Eley Kishimoto’s Living with Patterns at the Aram GalleryCultureArt
Despite launching on the first evening of London Fashion Week, the Eley Kishimoto Living with Patterns exhibition opening was a down to earth affair, full of friendly design types in interesting clothes having cosy chats. As we walked into the vase section a couple of girls were listening to the band on the floor below, head tilted over one of the vases, ear to the opening. A refreshing contrast to the power heels and serious networking going on at every other party in central London that night. Set in the Aram Gallery on Drury Lane, the exhibition was on the top floor of an uber-cool design and furniture shop, which further added to the diverse nature of the brand. The name Living with Patterns itself implies more than just a fashion show; the exhibition included vases, rugs and plates all decorated with Kishimoto patterns, as well as several of the designer’s printed shift dresses.

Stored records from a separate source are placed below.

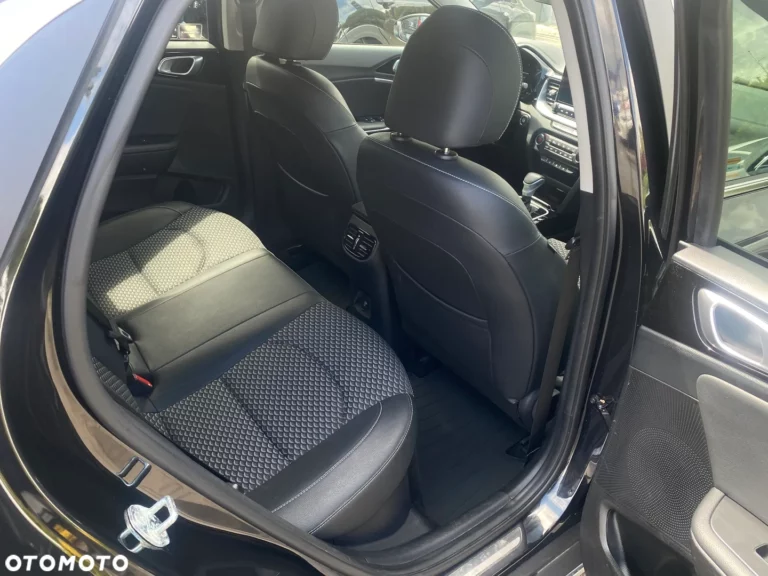 Używany samochód Kia XCeed dostępny w ofercie dealera Kia Wadowscy – zdjęcie pojazdu na sprzedaż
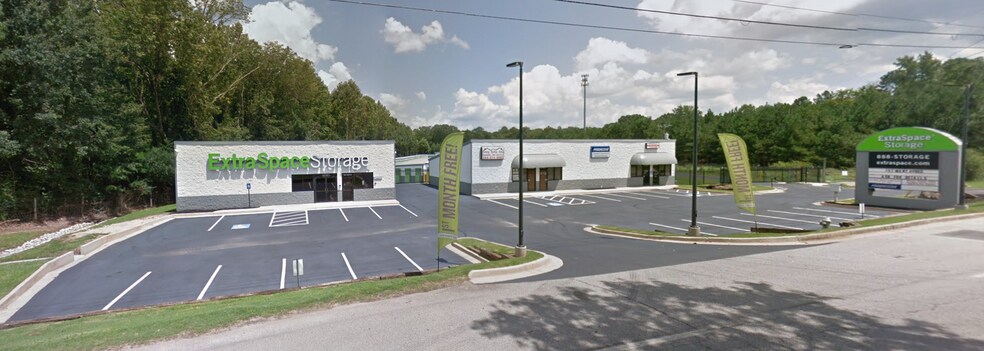 5484 Flakes Mill Rd, Ellenwood, GA à louer - Photo de l’immeuble – Image 1 sur 4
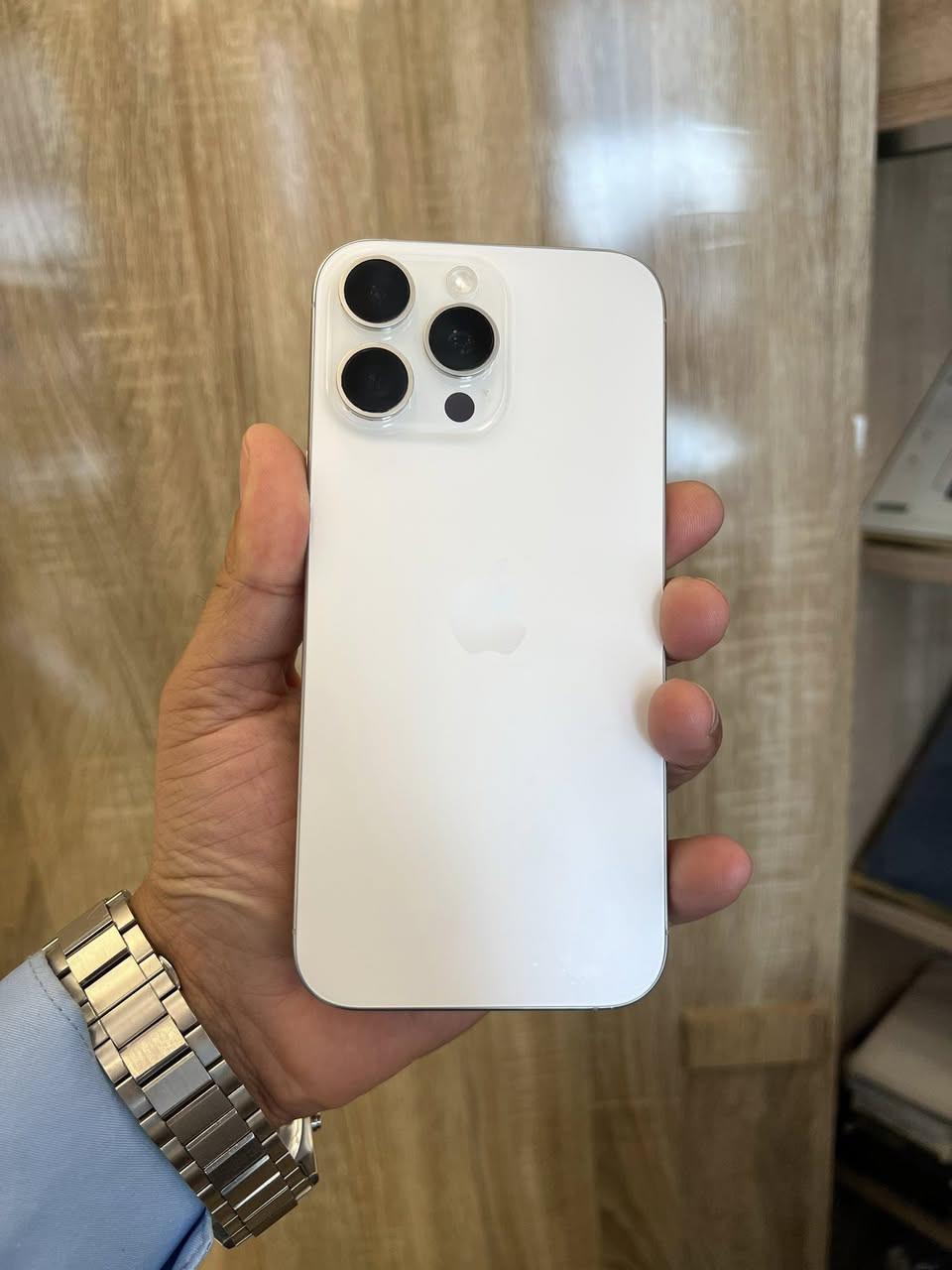 السلام عليكم
١٦ بروماكس ذاكرة ٢٥٦
بطارية ١٠٠ دورات ٢٥١
شريحة الكترونية e sim 
الجهاز كامل ملحقات كارتون وكيبل ممستخدم
مكفول من الفتح والخلل وبي ضمان شكد يعجبك
السعر مليون و٢٥٠ مجال قليل
مكاني زيونة
***********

The emphasis on pattern was reminiscent of the recent Yayoi Kusama retrospective at the Tate Modern – the idea of a life lived with one obsession. The idea of pattern as something more abstract than a subcategory of the fashion world.
“Something formed of habit and occurrence, patterns of movement and activity, patterns of growth and development, patterns of shape and colour, patterns repeating and repeating into the distance whichever direction you look.”
The rack of Clarke’s shoes also echoed that comparison, the artist and the brand. In fact, all of the pieces in the exhibition were collaborations, from British pottery company Moorcroft, to the tea set by the Narumi Corporation in Japan. All the better to take the designer’s vision of living with pattern to the next level.
The dresses themselves were playful but simple, designed to allow the prints to take over. No details, no embellishments, nothing to distract the eye from the original concept of form (the collection is titled In Shape). The combination of fuss-free shapes and Kishimoto’s signature use of colour served to create a cult collection, a tribute to the designer’s 20-year career of unique print design.